TASK DIRECTIONS: What you return should be only the lines in the entries below between the one holding "It's a 10mm" and the one holding "Starting with the", ends included, with every picture left out.

SOURCE DATA:
"""

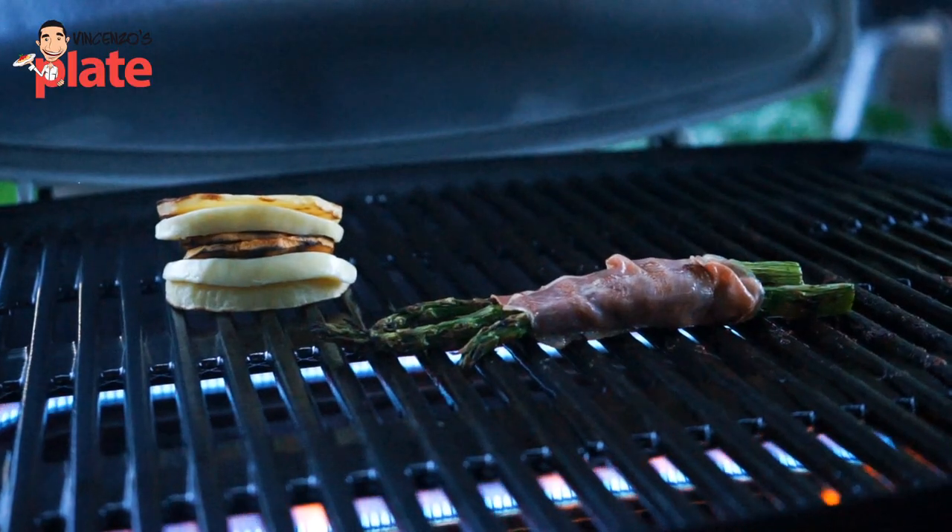Grill the asparagus and when it's ready, put a little bit of oil and then wrap the prosciutto around it and grill it for just a couple of minutes. Oh, beautiful!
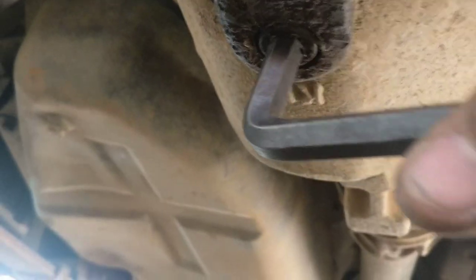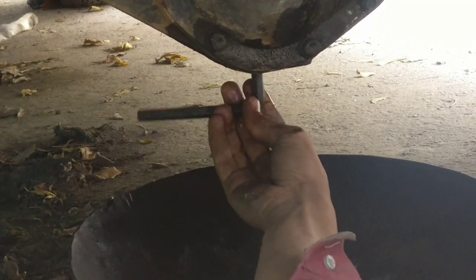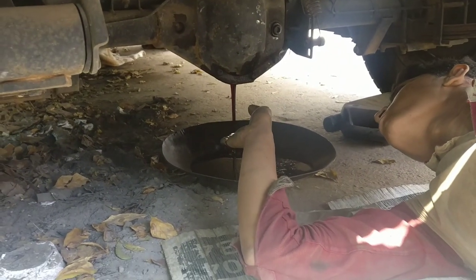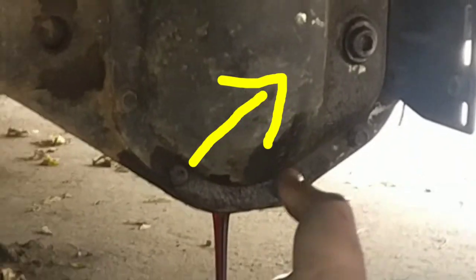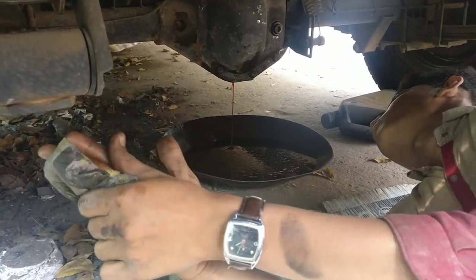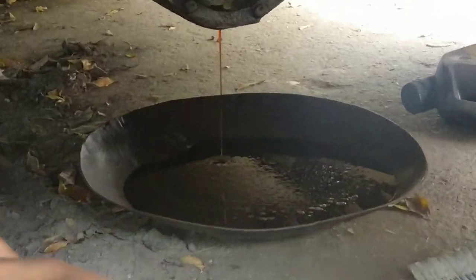It's a 10mm screw. We can use a lever. We have to dry the oil. If we put the oil in a small container, we will fix the oil and we will dry the oil.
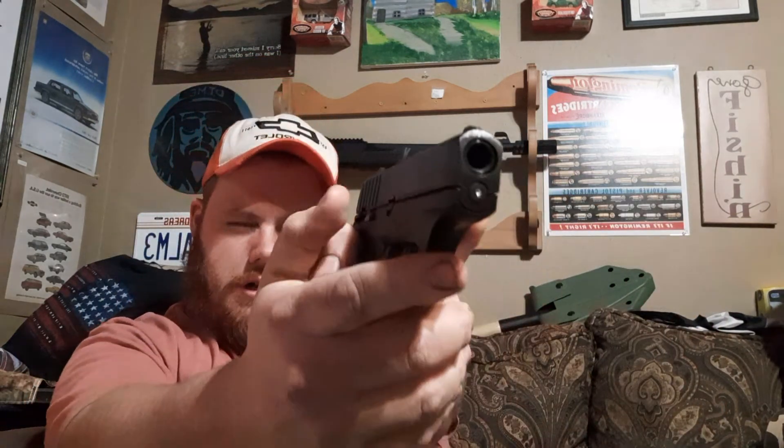Starting with the cons: people complain about the sights all the time. Instead of being like its predecessors where the sights are at least painted or adjustable, these are milled directly into the slide. I don't think they're bad, but the one thing I agree with from other reviews is that the front sight is kind of hard to line up — it's all blacked out, and that makes it hard when you're trying to line up a shot and train the weapon on where you want it.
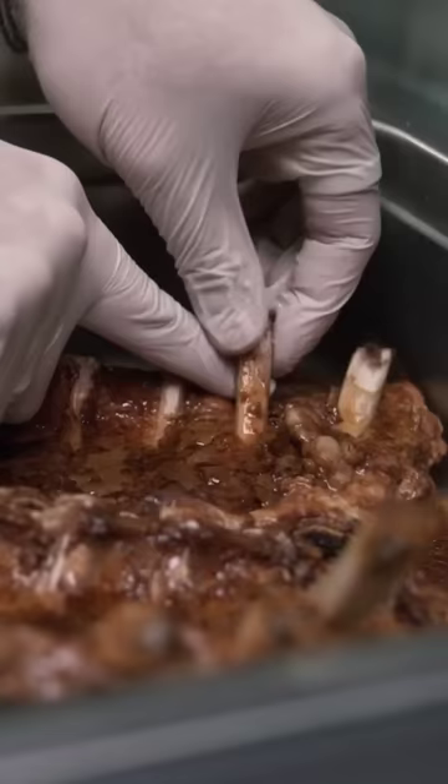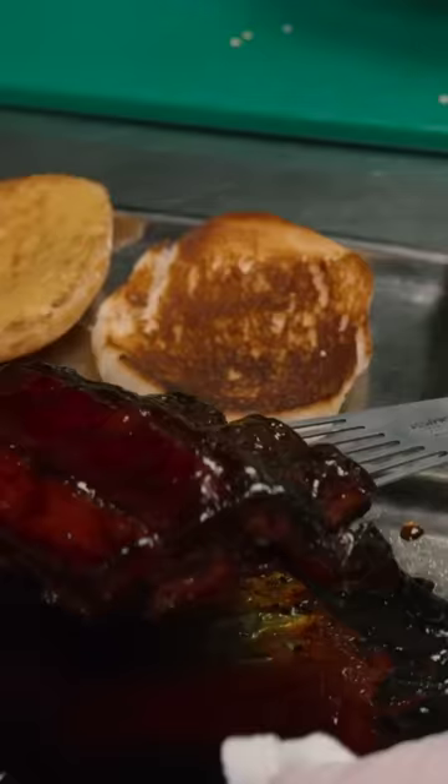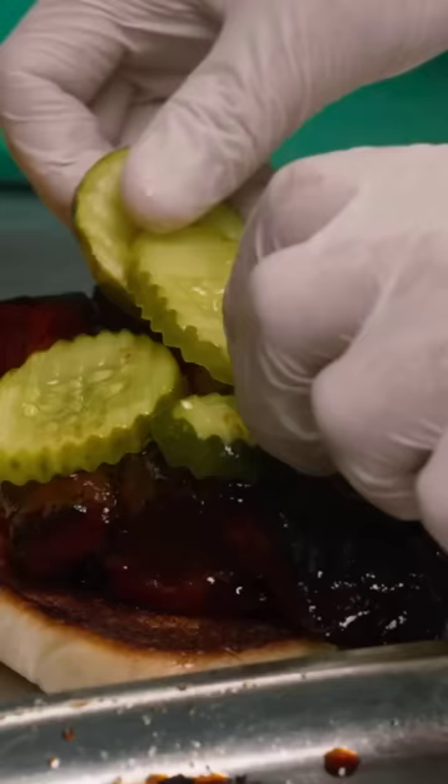Then on the third day, after they've chilled and settled, we take them out and portion them. It gets Chinese hot mustard, it's covered in Chasu glaze — which is a very Cantonese dish — and it gets placed on a milk bun we source from Chinatown, with bread and butter pickles and onions.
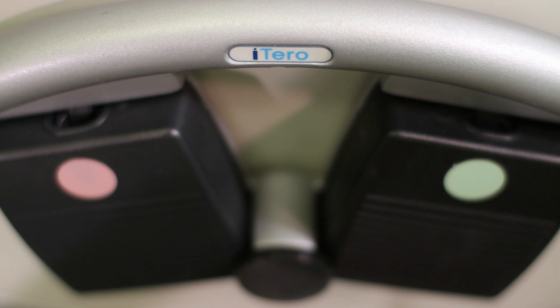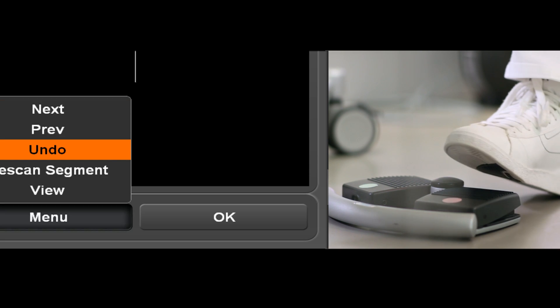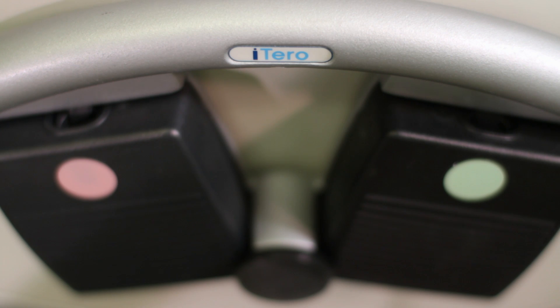One of the most convenient features of iTero is the dual pedal control. It can be placed wherever it is most comfortable for the user. The pink pedal is used to access the menu selection during scanning. The green pedal is used to select menu items, such as moving from one segment to another.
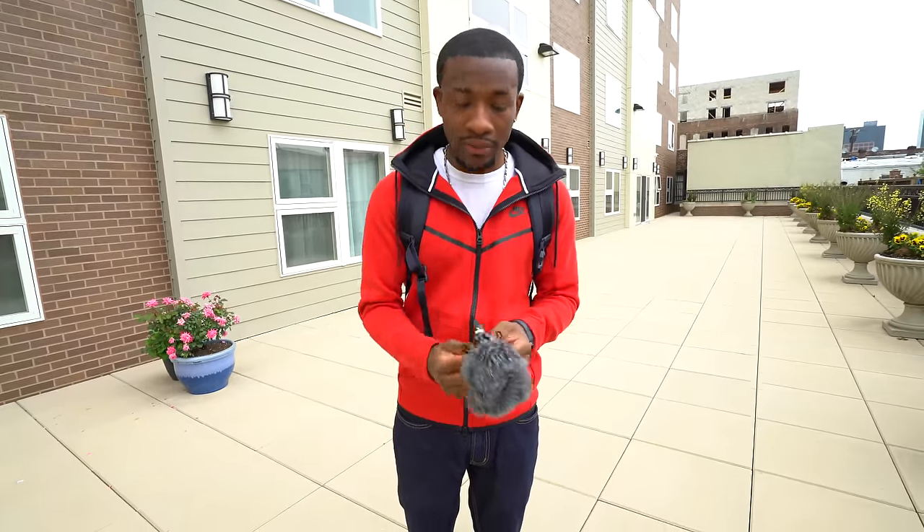This only costs 60 bucks, so if you are trying to get your foot into the vlogging game or YouTube game, this is worth picking up. I highly, highly recommend it — it's definitely an awesome shotgun microphone. Go ahead and pick it up. I'll have links to everything down below in the description.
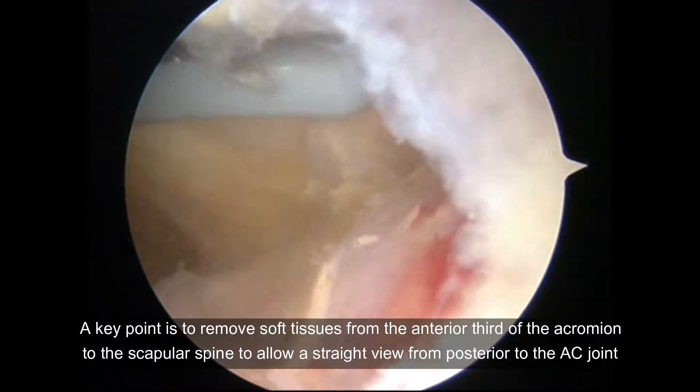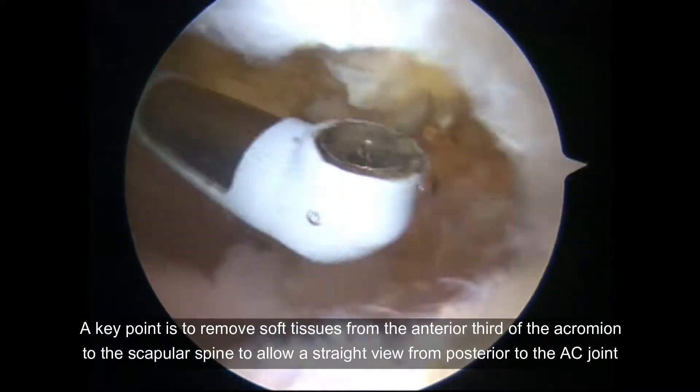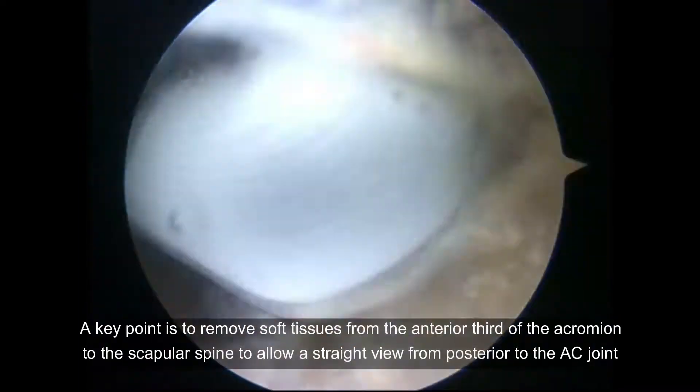A key point is to remove soft tissues from the anterior third of the acromion to the scapular spine. This allows a straight view from posterior to the AC joint.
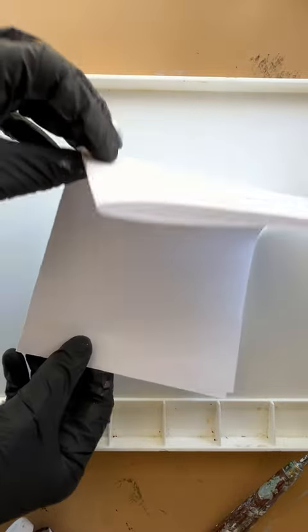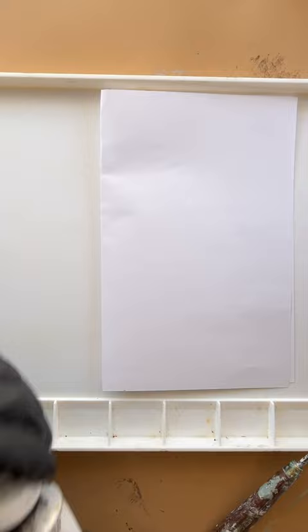Here's a quick painting tip. If you know you have an oil paint with excess oil in the tube, put the paint on a piece of paper first.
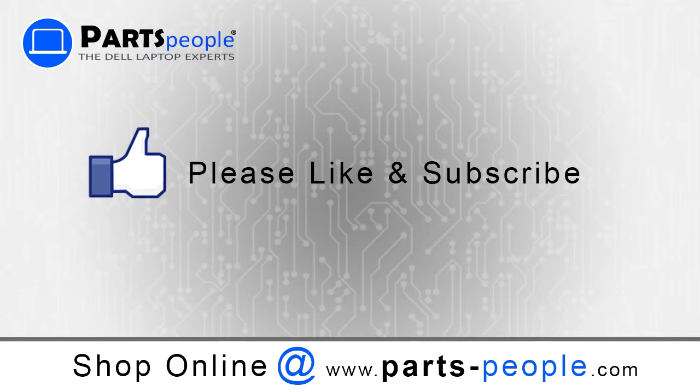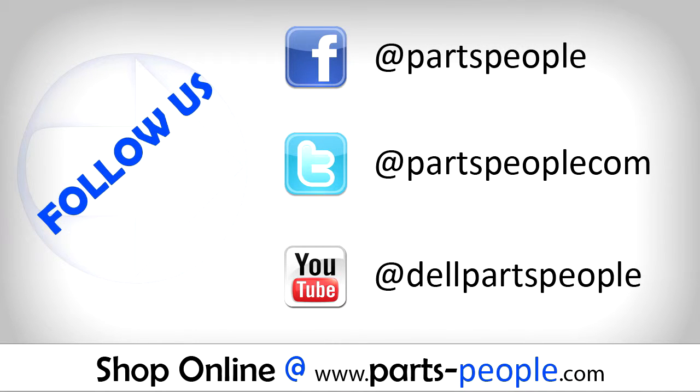Thanks for watching. If you enjoyed this tutorial, give our video a like and subscribe to our YouTube channel. Check out PartsPeople.com, where we have hundreds of tutorials and hundreds of thousands of parts.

"""

ANSWER SECTION:
It's a 10mm screw. We can use a lever. We have to dry the oil. If we put the oil in a small container, we will fix the oil and we will dry the oil.
Starting with the cons: people complain about the sights all the time. Instead of being like its predecessors where the sights are at least painted or adjustable, these are milled directly into the slide. I don't think they're bad, but the one thing I agree with from other reviews is that the front sight is kind of hard to line up — it's all blacked out, and that makes it hard when you're trying to line up a shot and train the weapon on where you want it.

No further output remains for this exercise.